_SUPPLIED RECORDS_:

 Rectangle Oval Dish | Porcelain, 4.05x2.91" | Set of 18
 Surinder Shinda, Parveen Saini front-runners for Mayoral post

==

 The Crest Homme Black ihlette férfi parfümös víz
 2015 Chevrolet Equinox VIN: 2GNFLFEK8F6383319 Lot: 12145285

* * *

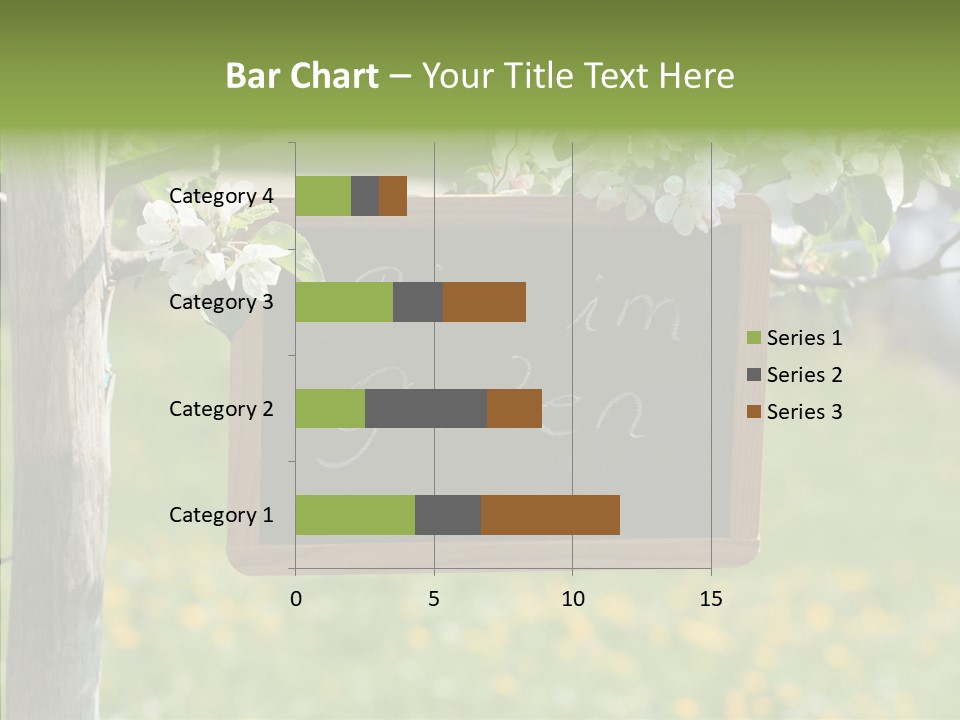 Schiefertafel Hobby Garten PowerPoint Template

_BRIEF_: In your answer, include only the lines above starting at the line that holds "The Crest Homme" and ending at the line that holds "2015 Chevrolet Equinox", copied exactly.

_WRITTEN ANSWER_:
 The Crest Homme Black ihlette férfi parfümös víz
 2015 Chevrolet Equinox VIN: 2GNFLFEK8F6383319 Lot: 12145285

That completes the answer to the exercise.